*Work request*
Please reproduce the data exactly, excluding any pictures it contains.

*Data*
□ □ □ □ □ □ □

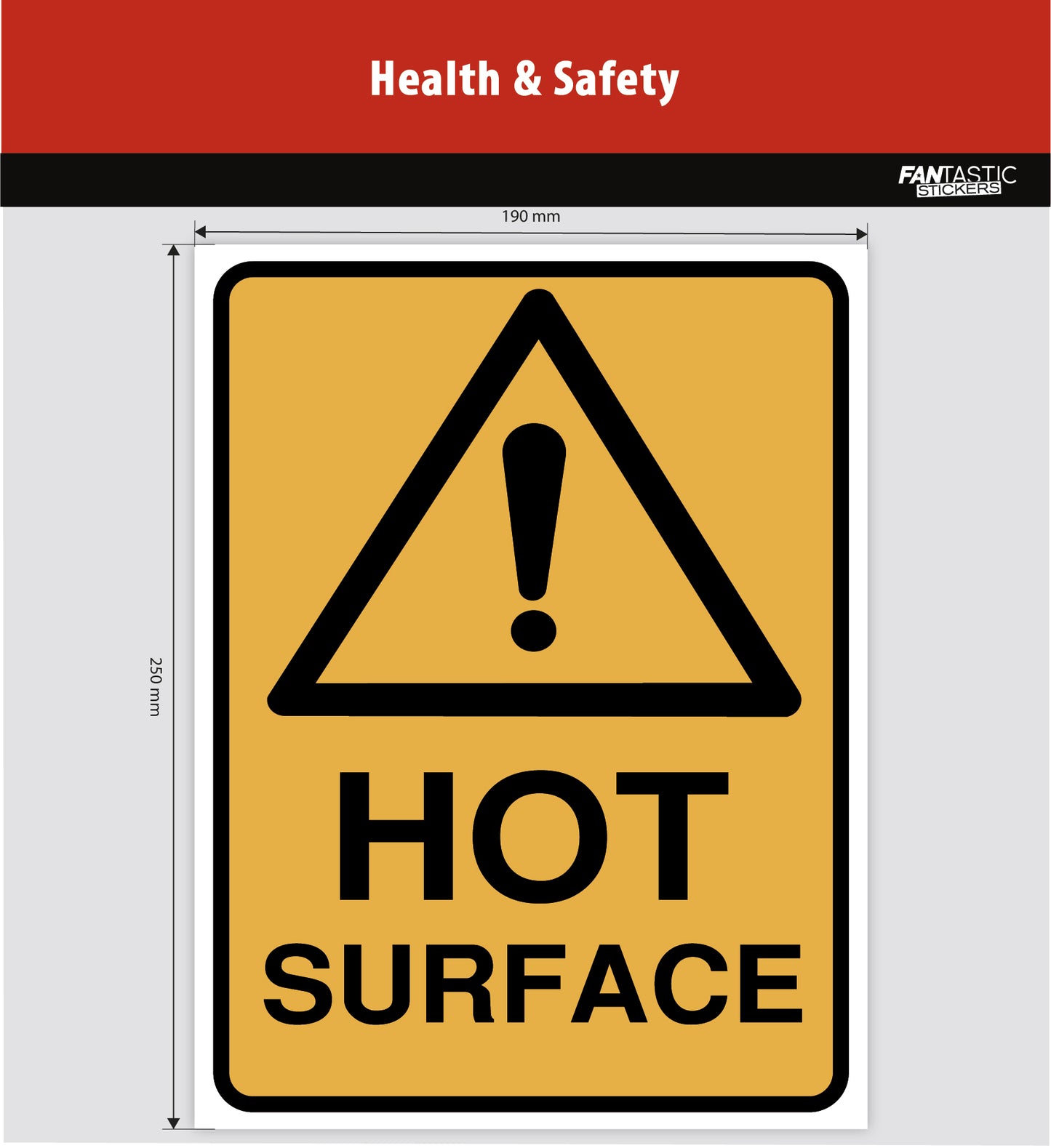 Hot Surfaces Foamboard Sign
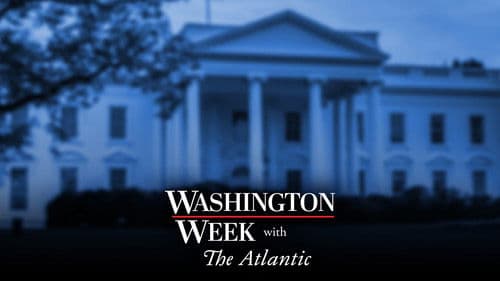 Washington Week with The Atlantic Bild 6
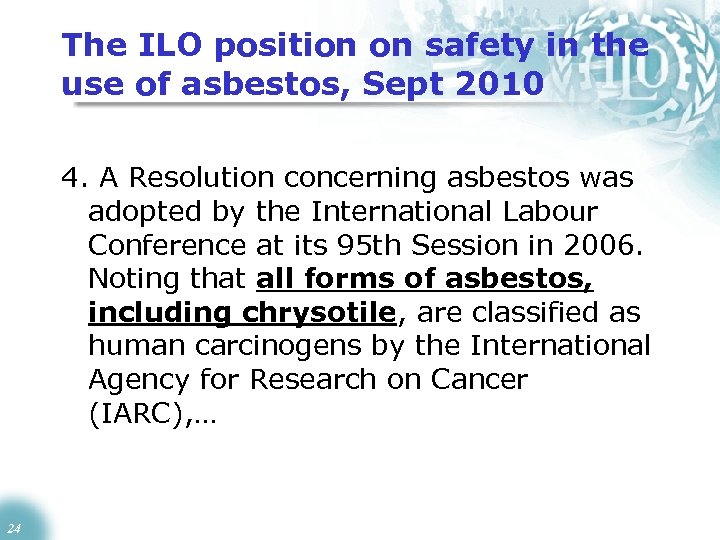 The ILO position on safety in the use of asbestos, Sept 2010 4. A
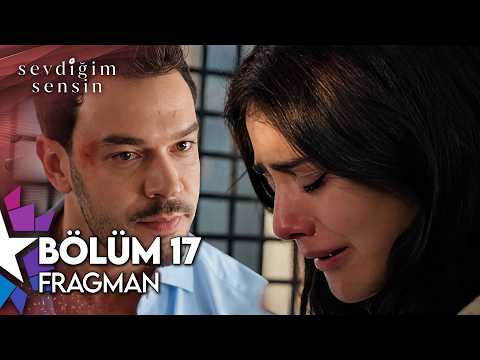 Sevdiğim Sensin 17. Bölüm Fragmanı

□ □ □ □ □ □ □

*Answer area*
 Hot Surfaces Foamboard Sign
 Washington Week with The Atlantic Bild 6
 The ILO position on safety in the use of asbestos, Sept 2010 4. A
 Sevdiğim Sensin 17. Bölüm Fragmanı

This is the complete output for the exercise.